/ 15 June 2006

Who really speaks for youth?

If we were to ask young people who the youth leaders of today are, we would most likely come up with names such as African National Congress Youth League president Fikile Mbalula, Young Communist League national secretary Buti Manamela and … well, who else? They are certainly among the loudest voices we hear purporting to speak for the youth of the country, but where are the others?

A further question would concern what it was they were speaking about last night on TV news. Of late, the answer would most likely be Jacob Zuma. But do these youth leaders speak out as vociferously on the battle against HIV/Aids and unemployment, the fight for access to quality education, youthful violence and the protection of community resources against crime? The answer is no.

We ask this with the memory of young voices 30 years ago that came to articulate the struggle of an entire people against oppression. And in the week that the South African Human Rights Commission (SAHRC) released its report on the right to basic education, it needs to be remembered that the trigger for the uprising of young people in Soweto on June 16 1976 and the weeks that followed was the apartheid imposition of Afrikaans as a language of learning.

Very quickly, the revolt against that shackling became a revolt against the apartheid state. But it started from the lived reality of ordinary South Africans — in this case, their desire for education to give them a fair start in life.

So it is sobering to read the SAHRC’s research findings that 42% of rural pupils surveyed struggle to understand their teachers because the language in which they are being taught is not their mother tongue. In this, as in other chillingly numerous instances, the report reminds us how many of the intolerable burdens the youth of 1976 resisted still permeate the daily experiences of young people. This is why, for all that we have travelled very far from the stark inequalities of apartheid, we have to ask why we are not hearing more voices of the young on issues such as education and HIV/Aids. We are not asking youth not to go to movies and bashes or play sport. But the collective and courageous spirit of June 16 surely continues to be celebrated, at least partly because it is still needed.

As Joel Netshitenzhe argues elsewhere in this paper, the actions of young people in 1976 represented a strike at the heart of docility. The point is that there is little for the youth (or others) to be complacent about.
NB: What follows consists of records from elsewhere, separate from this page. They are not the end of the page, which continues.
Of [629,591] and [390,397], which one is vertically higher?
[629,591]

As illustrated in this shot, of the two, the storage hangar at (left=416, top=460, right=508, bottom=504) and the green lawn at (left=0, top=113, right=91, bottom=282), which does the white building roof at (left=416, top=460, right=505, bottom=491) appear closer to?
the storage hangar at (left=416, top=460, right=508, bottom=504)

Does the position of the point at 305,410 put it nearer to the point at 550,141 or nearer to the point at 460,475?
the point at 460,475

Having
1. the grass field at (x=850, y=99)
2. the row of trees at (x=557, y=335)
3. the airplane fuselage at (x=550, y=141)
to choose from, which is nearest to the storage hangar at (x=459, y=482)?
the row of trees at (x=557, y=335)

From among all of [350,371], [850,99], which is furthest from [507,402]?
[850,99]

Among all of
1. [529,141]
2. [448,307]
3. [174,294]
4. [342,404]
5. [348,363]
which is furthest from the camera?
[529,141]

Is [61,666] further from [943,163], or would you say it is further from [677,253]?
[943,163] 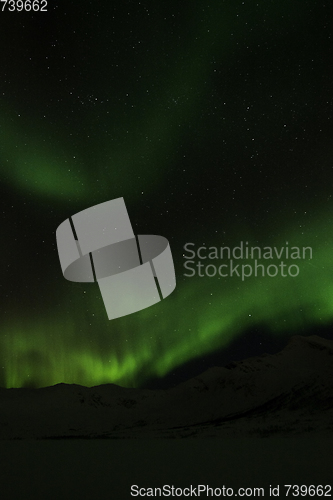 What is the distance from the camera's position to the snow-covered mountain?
991 cm

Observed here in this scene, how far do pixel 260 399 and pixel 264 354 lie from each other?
8.16 feet

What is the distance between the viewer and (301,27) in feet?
26.7

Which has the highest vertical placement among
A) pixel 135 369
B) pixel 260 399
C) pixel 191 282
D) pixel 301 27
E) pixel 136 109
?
pixel 301 27

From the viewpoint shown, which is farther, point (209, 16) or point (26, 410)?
point (26, 410)

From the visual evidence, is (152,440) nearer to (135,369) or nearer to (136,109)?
(135,369)

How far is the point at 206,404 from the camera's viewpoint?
1090cm

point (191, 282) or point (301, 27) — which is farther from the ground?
point (301, 27)

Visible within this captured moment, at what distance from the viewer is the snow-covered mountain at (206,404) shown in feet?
32.5

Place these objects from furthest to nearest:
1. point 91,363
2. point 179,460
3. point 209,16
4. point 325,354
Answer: point 325,354 → point 91,363 → point 209,16 → point 179,460

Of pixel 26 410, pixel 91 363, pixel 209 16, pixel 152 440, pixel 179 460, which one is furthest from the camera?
pixel 26 410

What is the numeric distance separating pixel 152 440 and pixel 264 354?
2.97 meters

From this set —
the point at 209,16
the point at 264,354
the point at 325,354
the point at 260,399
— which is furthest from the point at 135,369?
the point at 209,16

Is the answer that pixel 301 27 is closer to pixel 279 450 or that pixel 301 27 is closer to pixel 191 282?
pixel 191 282

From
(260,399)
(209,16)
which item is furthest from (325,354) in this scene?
(209,16) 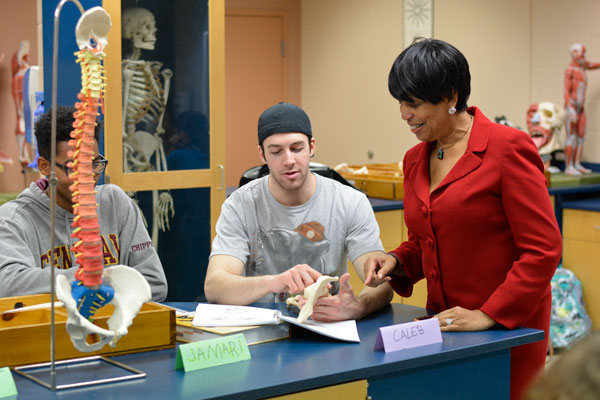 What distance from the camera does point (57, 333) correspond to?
1.56 meters

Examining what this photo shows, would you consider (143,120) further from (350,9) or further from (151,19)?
(350,9)

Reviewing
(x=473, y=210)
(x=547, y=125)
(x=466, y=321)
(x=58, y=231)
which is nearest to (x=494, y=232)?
(x=473, y=210)

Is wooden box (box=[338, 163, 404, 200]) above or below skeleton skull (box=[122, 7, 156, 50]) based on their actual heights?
below

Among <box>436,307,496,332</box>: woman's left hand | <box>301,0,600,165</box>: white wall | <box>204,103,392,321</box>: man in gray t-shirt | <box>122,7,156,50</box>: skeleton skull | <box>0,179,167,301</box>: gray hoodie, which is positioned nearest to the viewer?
<box>436,307,496,332</box>: woman's left hand

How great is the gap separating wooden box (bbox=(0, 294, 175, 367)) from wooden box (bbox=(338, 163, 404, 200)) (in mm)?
2512

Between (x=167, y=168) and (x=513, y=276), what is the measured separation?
2.12 metres

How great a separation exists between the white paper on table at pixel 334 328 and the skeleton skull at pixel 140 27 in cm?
198

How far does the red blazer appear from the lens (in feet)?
5.67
Their voices should be listened to in every policy — but they themselves should not leave that responsibility to organisations that might represent their real interests and needs only partially, if at all.

Otherwise 30 years on, we will have very little to remember them for.

Gone with the wind

When the dust settled after the World Cup qualifiers last year, African -soccer observers were united in pessimism. How would the continent fare without Nigeria, Cameroon, Egypt and Senegal, the traditional flagbearers? When countries with no footballing pedigree, such as Angola and Togo, had to face up to the might of Europe, Asia and South America?

The first round of matches in Germany has provided some answers, and, although the on-field performances have not been as bad as some feared, Africa’s status in the competition is already under threat. Four out of five of the African nations lost their opening matches, although, perversely, it was only Tunisia, who earned a point in a draw with Saudi Arabia, who disappointed.

The biggest drubbing of the first week was suffered not by an African nation but by the Ukraine, who topped one of the supposedly tough European qualifying groups and were many pundits’ pick as the potential dark horse of the tournament.

Côte d’Ivoire and Ghana stood toe-to-toe with two of the most powerful soccer nations in the world — Argentina and Italy between them have won five of the previous 17 editions of the World Cup — and emerged with their reputations enhanced, even in defeat.

Togo emerged from their training ground farce (the coach walked out, his replacement walked out, the original coach returned on the morning of the match) to lead South Korea — who reached the semifinals in 2002 — 1-0 before indiscipline led to the dismissal of their captain and a 4-1 defeat.

Angola, whose progress to Germany is described elsewhere in this issue, lost narrowly to their former colonial masters, Portugal, but their mere presence at the tournament should be an inspiration to South Africa in particular.

The mandarins of world football’s governing body, Fifa, are not swayed by sentiment, however. If no African nation progresses to the second round, we are told, it is likely that the continent’s quota for 2010 will be effectively cut to four — with South Africa, as hosts, automatically qualifying. Asia’s economic power demands that the biggest continent get another place — even though only Korea, of their current four representatives, managed a victory in the first round. The European and South American contingents appear to be untouchable, so it is the developing continents who will scrap over this single place at the main table.

As for 2014, when the tournament takes place in South America — well, like Scarlett O’Hara, Fifa will think about that tomorrow.